In everything, there is ALWAYS the exception tot he rule. A person from a "good family" turns out to be a timebomb for some disease. Or a Mutt will be more sickly than a schnouzer with a pedigree.

But I believe given time, the ratio of the bad outcropping in selectively bred species will far outstrip the good. People have already begun breeding for rosetails and a more competent feathertail, even though most of these fish may be too heavy.

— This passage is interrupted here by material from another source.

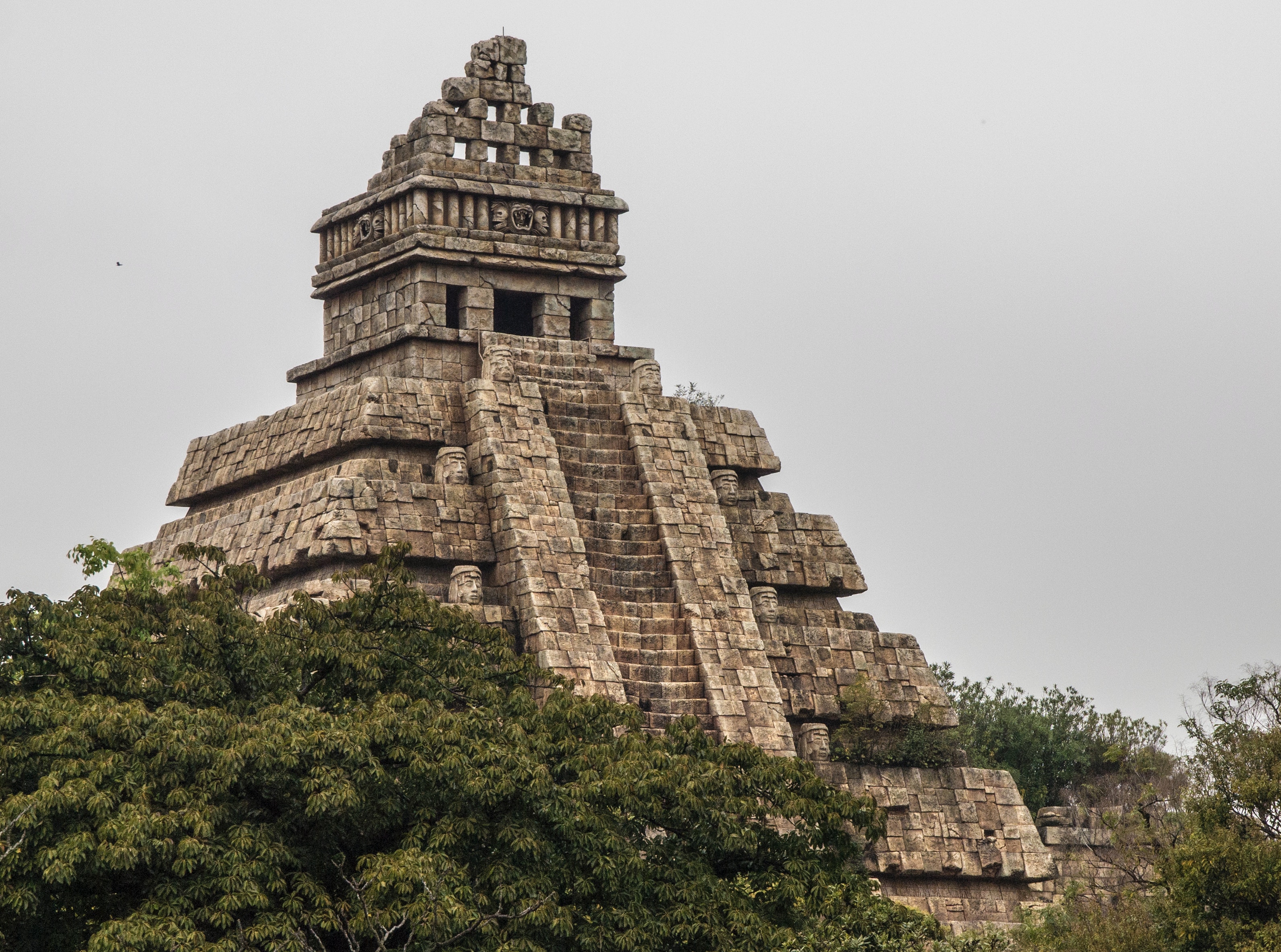 El arqueólogo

If you have a line of show fish, and a spawn throws you some that ARENT quite standard, but have no major defects, would it be detrimental to continue that line? Just like bad throwbacks, there are good, so would there be NO good fish from this line? Or is it just that the lower probability of show fish is undesirable as compared to keeping the genetics open ended in this specific genepool?


----------



## ChibreneyDragon (Feb 20, 2012)

Also, another thought, even though some fish may be from show quality, I've noticed that a lot of breeders dont give you the family history, at least you have to ask for it, at most, you have to find a breeder who will.

So it seems the only option you have is to buy a sibling pair to be assured that they BOTH have similar genetics if you find traits you like.

Junk DNA could be used as a treasure trove for new and wonderful colors or mutations. Create color patterns that eventually get their own class, or even new stable fin types.


----------



## Shirleythebetta (Jan 9, 2012)

I agree with you about the possibilty of breeding fins to heavy. I have a simple veil tail that gets pulled down by his fins because they have a large spread and are super long. I put him in a smaller tank because of it. He is old now and lays on the bottom more even though his color is bright and healthy. No heavy breathing. Just a lot of resting. 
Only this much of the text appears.